Pop a lid, and it’s Peters all the way to the bottom1.
Now, I have this knack/ability to talk to people regardless of their background, dig up stuff, and hit a hierarchy where it hurts the most – by actually fixing problems that the “normal” organization can’t address. Like I wrote before, I fix things that other people design broken. It’s not something I started out doing of my own free will, though – it sort of happened along.
Like a few others, I’ve tried to follow a track that avoided the pitfalls of becoming incompetent at what I do while witnessing first hand others reaching that very point, but now I find that I’m quickly running out of room, and that few (if any) organizations allow you a sane mixture of both management and hands-on control of what is happening.
It’s sort of like being in a permanent slow-motion car crash – a sensation that indeed started happening for me 20 years ago.
The interesting thing for me is that I am self-aware enough to realize that although portions of this ability of mine are innate, the bulk of it comes from my having, over the years, consciously overcome almost pathological shyness and the usual anti-social (or rather, para-social) behavior usually associated with those of an intellectual bent2.
My rewards have so far been mixed (if any) and regardless of what I do people keep trying to “define” me into a box (usually making the crass mistake of assuming I’ll be more interested in technical things), but it’s clear for me that this is a path of diminishing returns – as long as people mistake me for “the techie guy” instead of focusing on the results I deliver, I’ll never really find job satisfaction.
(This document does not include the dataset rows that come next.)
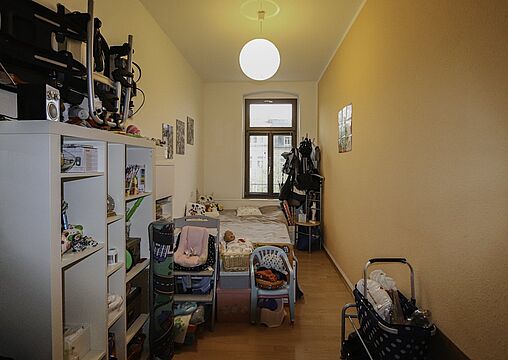 Zimmer WE7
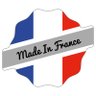 oYa 🇫🇷 ✞ profil fotoğrafı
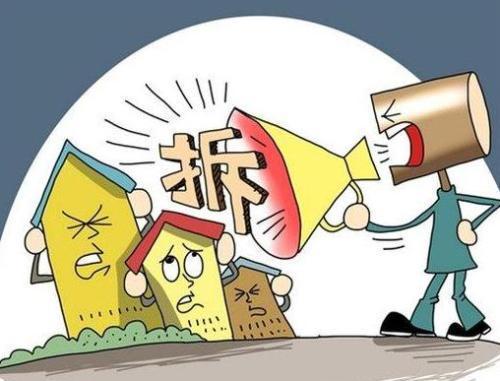 抗诉期间律师对提意见不服的探讨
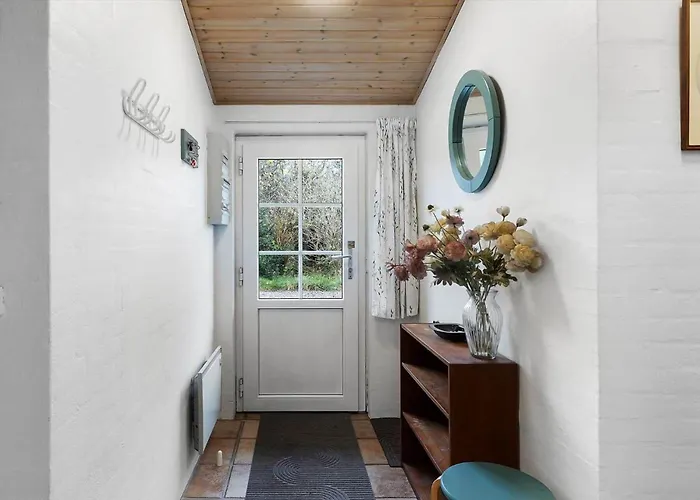 40046-ulfborg-hagevej-36 *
Which, together with the following comment on that 20 year post left by one of my teachers (the guy who taught us most of what I know about chip design, and who was our graduation project counselor):
Speaking as one of the sergeants who made the grunts sweat, you guys were good.
Happy trails.
…makes me pretty sure that a) the Army has the best take on leadership and b) it’s time to break ranks and look for that trail again.
Update: Pedro Santos pointed me to the “Wikipedia entry on the Dunning-Kruger effect”:Wikipedia:Dunning-Kruger_effect and its “Bertrand Russell”:Wikipedia:Bertrand_Russell quote, which resonates with the above rather nicely:
The trouble with the world is that the stupid are cocksure and the intelligent are full of doubt.
—
1 I prefer the “Dilbert Principle”:Wikipedia:Dilbert_Principle myself since it states that the majority of real, productive work in a company is done by people lower in the power ladder, but fully agree that It is possible for both Principles to be simultaneously active in a single organization.
2 The key to that was, of course, my rather peculiar sense of humor, which I try to put to good use whenever possible, either as an outlet or as a way to get my points across.